[Excerpts from a dataset]
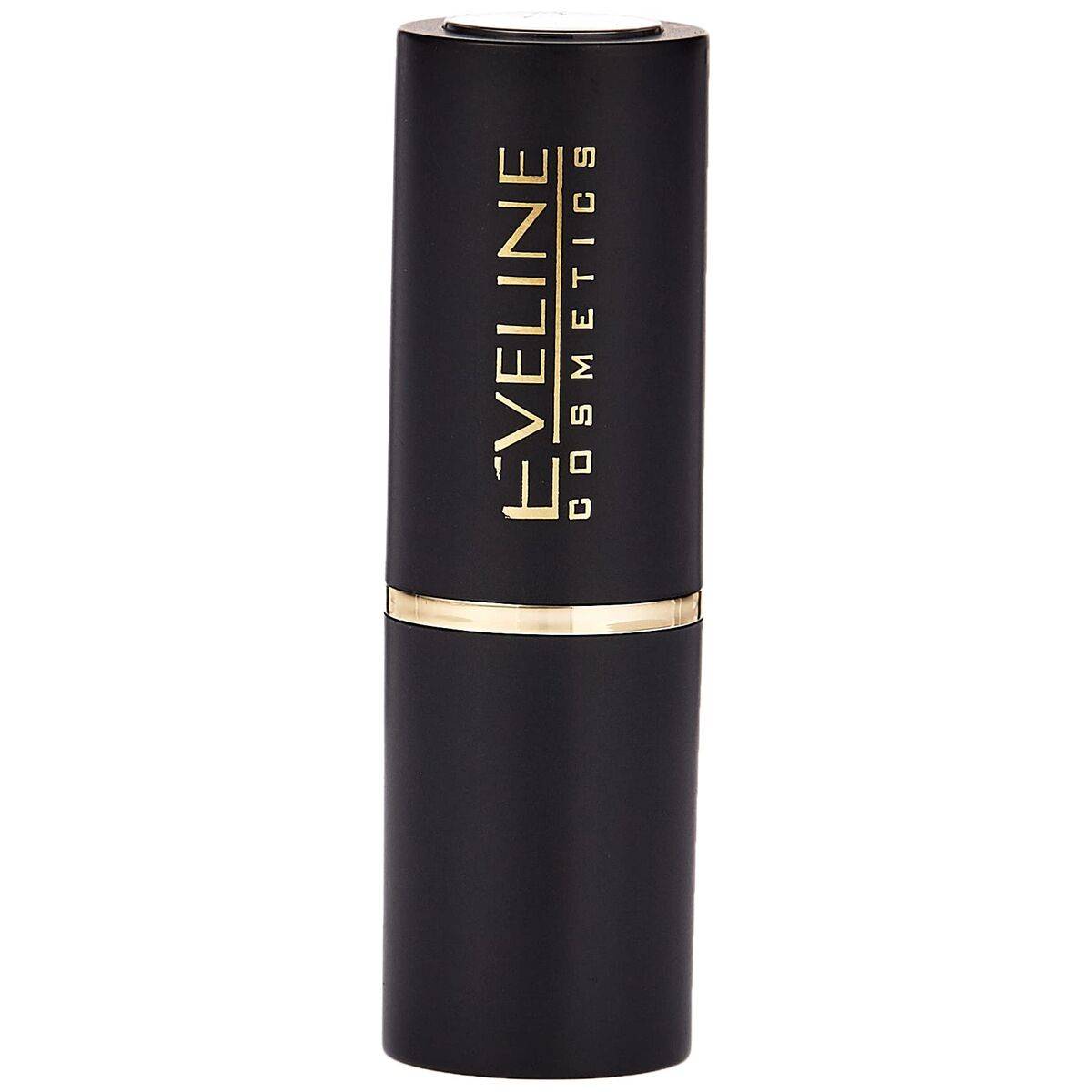 Pintalabios Eveline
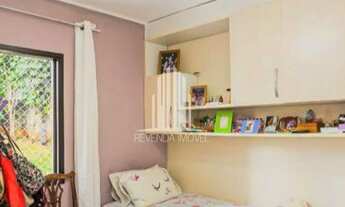 Imagem 4: Apartamento à venda com 90m², 3 quartos e 2 vagas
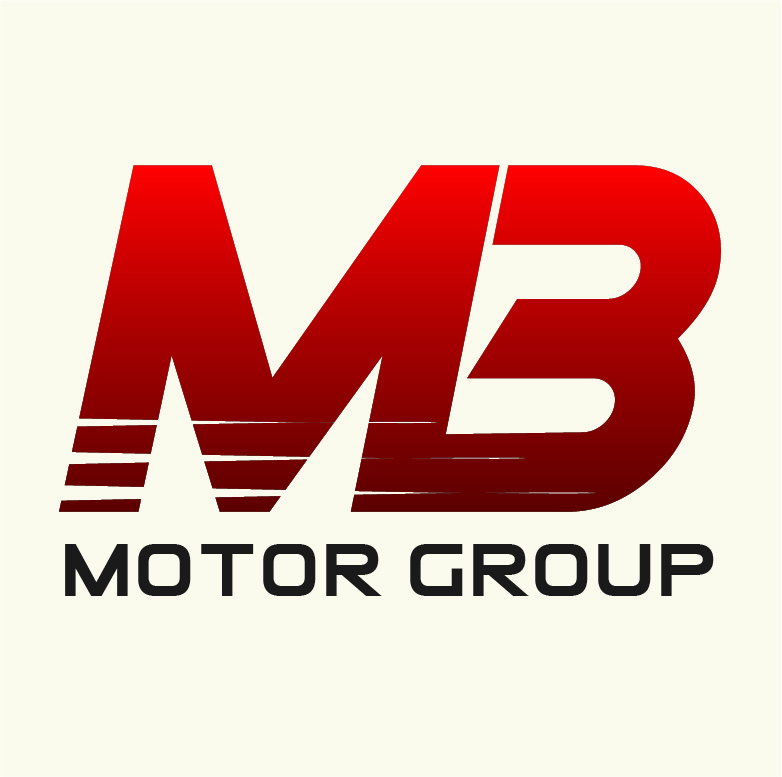 Logo Design by Design Possibilities for this project | Design #629420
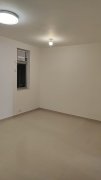 淘大花園 牛頭角 中層 A031408 售盤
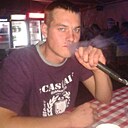 Андрей, 29 лет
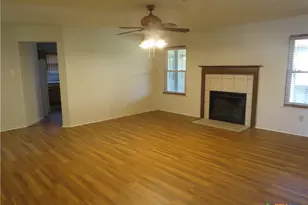 1808 Agate Dr, Killeen, TX 76549 - Photo 12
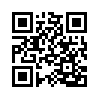 QR kód na túto stránku cesty.oma.sk 1305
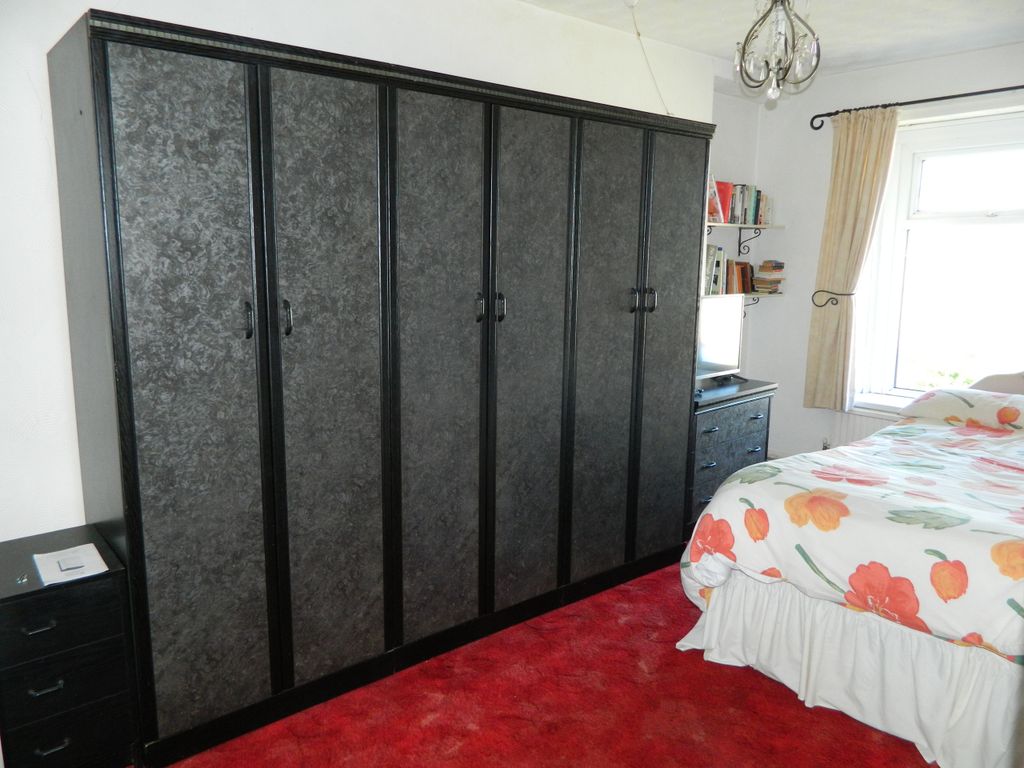 Additional image 19 of 3 bed terraced house for saleBryn Pica, Tredegar NP22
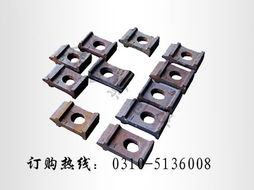 緊固件 標準件 通用配件 五金產品庫 全球最大的五金網上五金產品庫,為全世界五金廠商 經銷商 采購商提供最新 質優價廉的五金產品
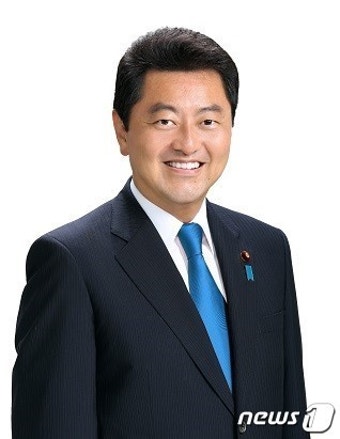 日 검찰, '비자금 스캔들' 의원 첫 체포…기시다 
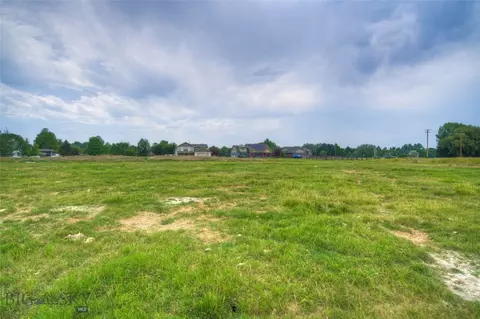 tbd Cedar Ln, Manhattan, MT 59741 photo 10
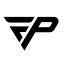 Forge Performance Co. icon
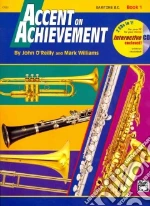 O'Reilly John, Williams Mark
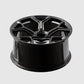 Set of Vorsprung Forged VF-09 Style Wheels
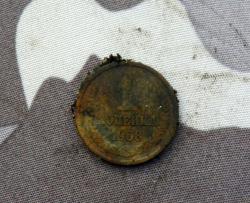 post-31368-0-95129000-1435778450_thumb.j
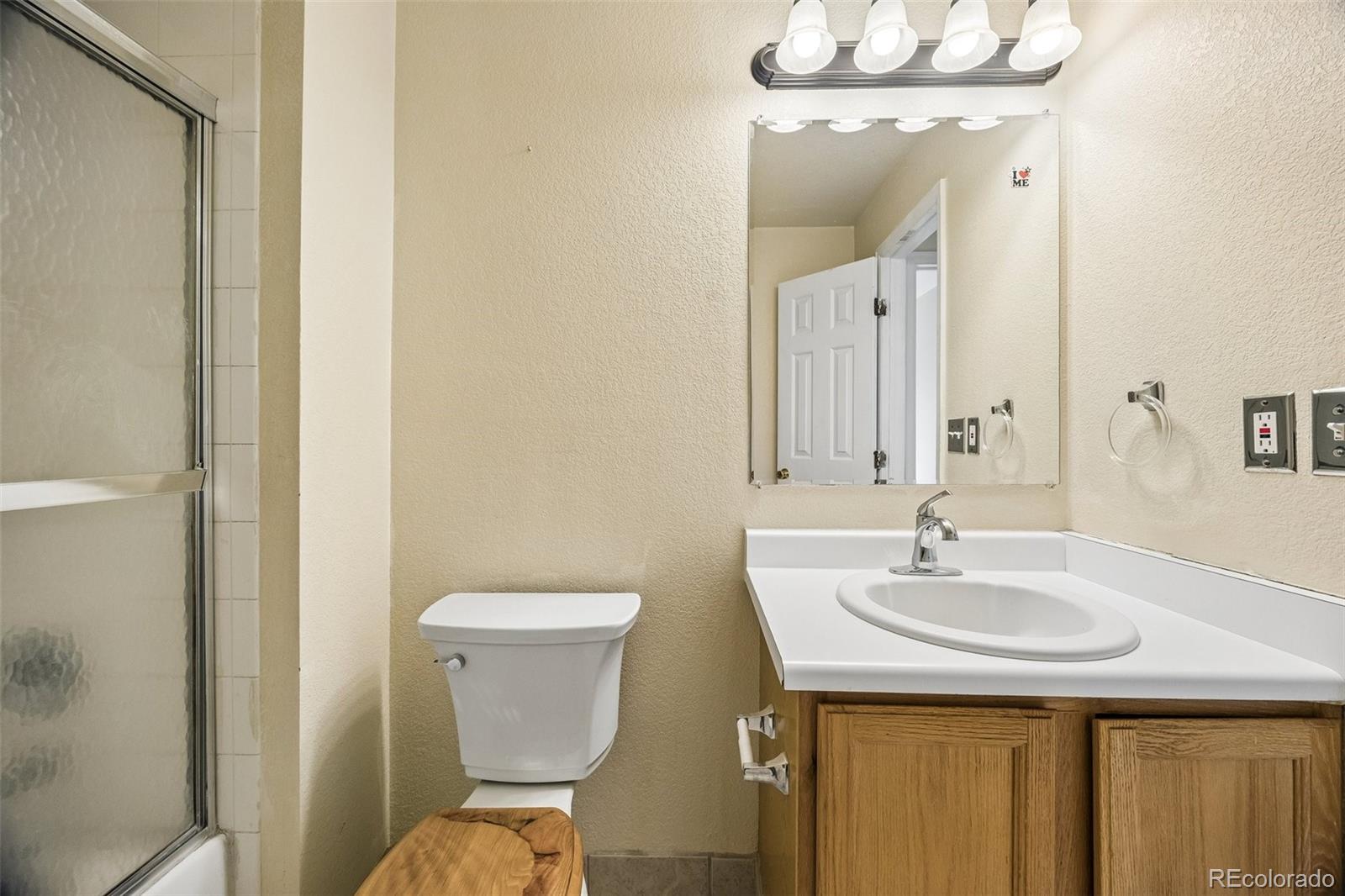 MLS Image #30 for 9666 e arkansas place,denver, Colorado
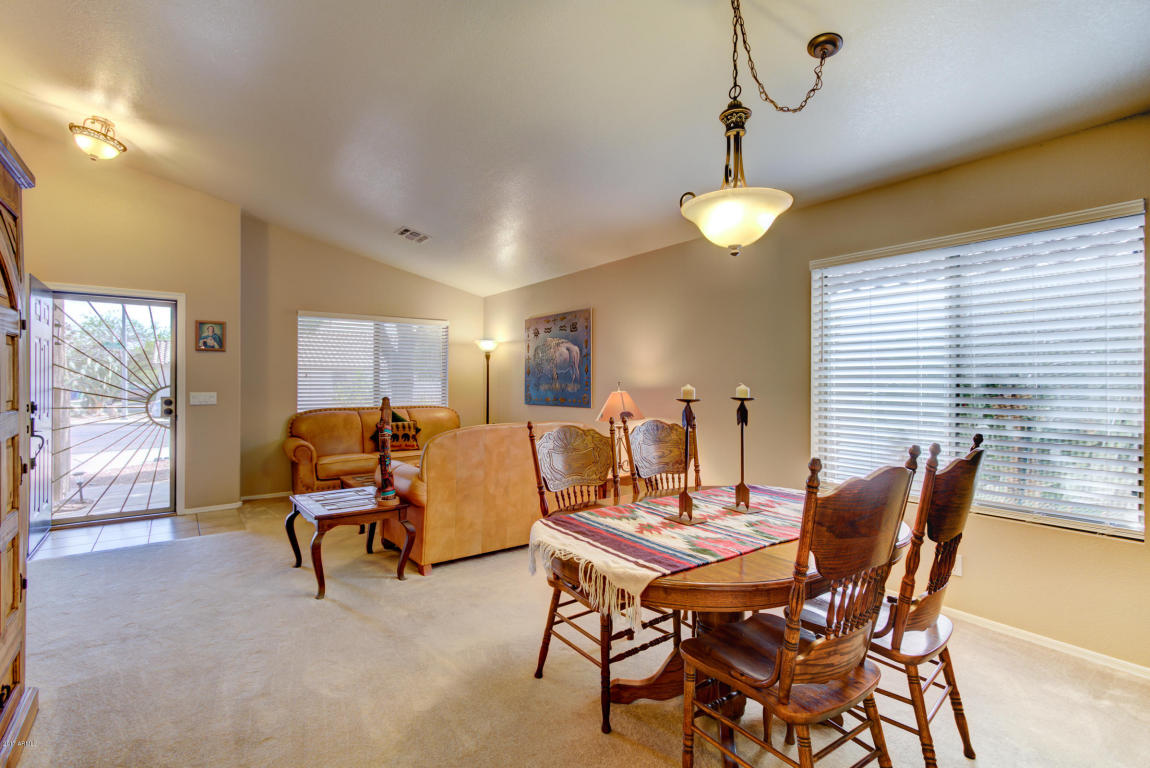 9560 E Navarro Ave, Mesa, AZ 85209 photo 12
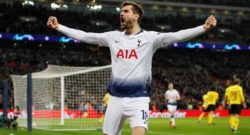 Llorente, Sportitalia: l'intermediario nella sede dell'Inter, i nerazzurri provano la beffa al Napoli?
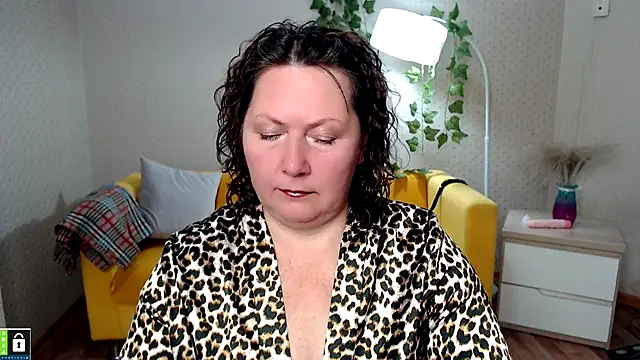 milf hornys online show from November 7, 6:45 pm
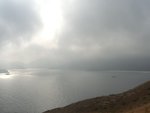 CheungTsu_31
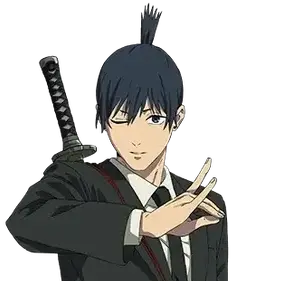 Profile image of Aki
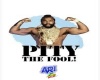 Mr. T VB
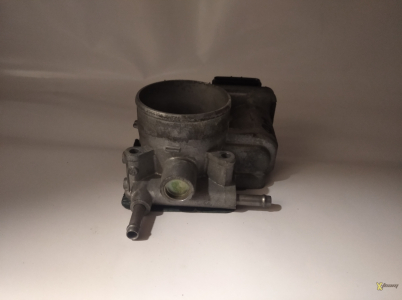 Дроссель электронный 03-08 204 Denso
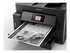 Epson EcoTank ET-M16600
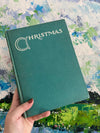 Christmas Stories Book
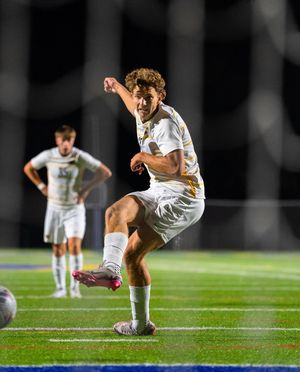 Image post by @acadallamerica on Instagram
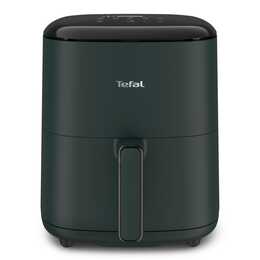 TEFAL Easy Fry Max EY2453CH Heissluftfritteuse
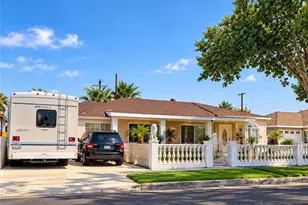 309 E 228th, Carson, CA 90745 - Photo 1
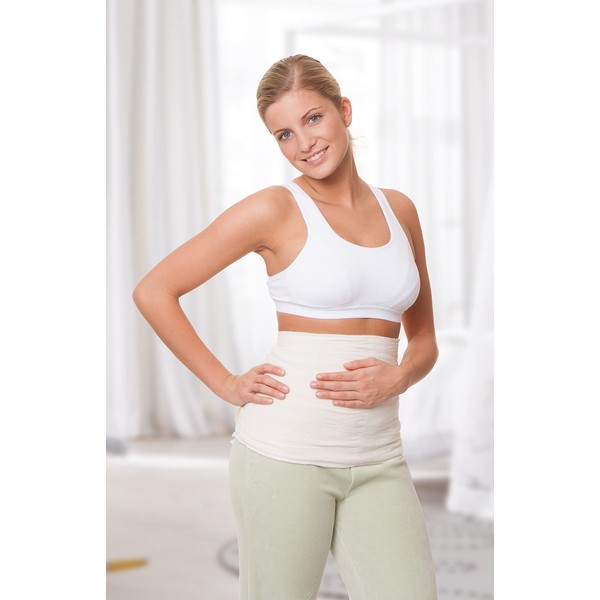 P. Jentschura Alkawear Basic Body Wrap Size 1/70 to 87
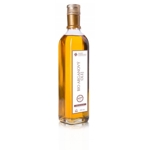 ZAHIR COSMETICS BIO Arganový olej 250 ml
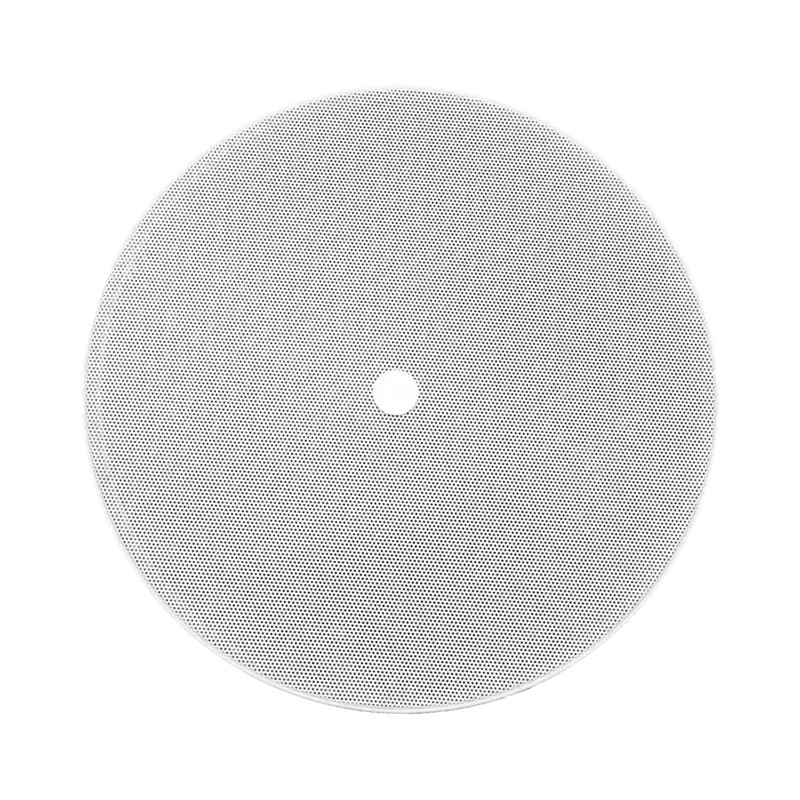 Altavoz de 2 vías  Montaje en Techo   8in  1.87 - Altavoz de 2 vías  Montaje en Techo   8in  1.87 -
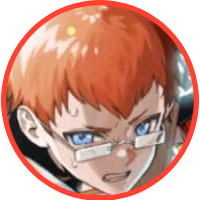 ヴィンスデッキの画像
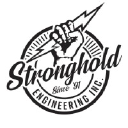 Stronghold Engineering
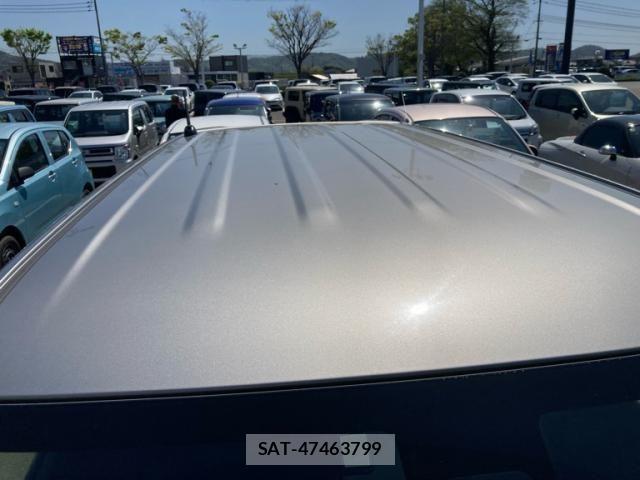 Suzuki WAGON R 2017-06 7227271-4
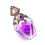 Item Insulation Potion.png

#### WHAT NEEDS TO BE DONE
Apart from the pictures, set down all the entries above exactly.

#### SOLVED PROBLEM
 Pintalabios Eveline
 Imagem 4: Apartamento à venda com 90m², 3 quartos e 2 vagas
 Logo Design by Design Possibilities for this project | Design #629420
 淘大花園 牛頭角 中層 A031408 售盤
 Андрей, 29 лет
 1808 Agate Dr, Killeen, TX 76549 - Photo 12
 QR kód na túto stránku cesty.oma.sk 1305
 Additional image 19 of 3 bed terraced house for saleBryn Pica, Tredegar NP22
 緊固件 標準件 通用配件 五金產品庫 全球最大的五金網上五金產品庫,為全世界五金廠商 經銷商 采購商提供最新 質優價廉的五金產品
 日 검찰, '비자금 스캔들' 의원 첫 체포…기시다 
 tbd Cedar Ln, Manhattan, MT 59741 photo 10
 Forge Performance Co. icon
 O'Reilly John, Williams Mark
 Set of Vorsprung Forged VF-09 Style Wheels
 post-31368-0-95129000-1435778450_thumb.j
 MLS Image #30 for 9666 e arkansas place,denver, Colorado
 9560 E Navarro Ave, Mesa, AZ 85209 photo 12
 Llorente, Sportitalia: l'intermediario nella sede dell'Inter, i nerazzurri provano la beffa al Napoli?
 milf hornys online show from November 7, 6:45 pm
 CheungTsu_31
 Profile image of Aki
 Mr. T VB
 Дроссель электронный 03-08 204 Denso
 Epson EcoTank ET-M16600
 Christmas Stories Book
 Image post by @acadallamerica on Instagram
 TEFAL Easy Fry Max EY2453CH Heissluftfritteuse
 309 E 228th, Carson, CA 90745 - Photo 1
 P. Jentschura Alkawear Basic Body Wrap Size 1/70 to 87
 ZAHIR COSMETICS BIO Arganový olej 250 ml
 Altavoz de 2 vías  Montaje en Techo   8in  1.87 - Altavoz de 2 vías  Montaje en Techo   8in  1.87 -
 ヴィンスデッキの画像
 Stronghold Engineering
 Suzuki WAGON R 2017-06 7227271-4
 Item Insulation Potion.png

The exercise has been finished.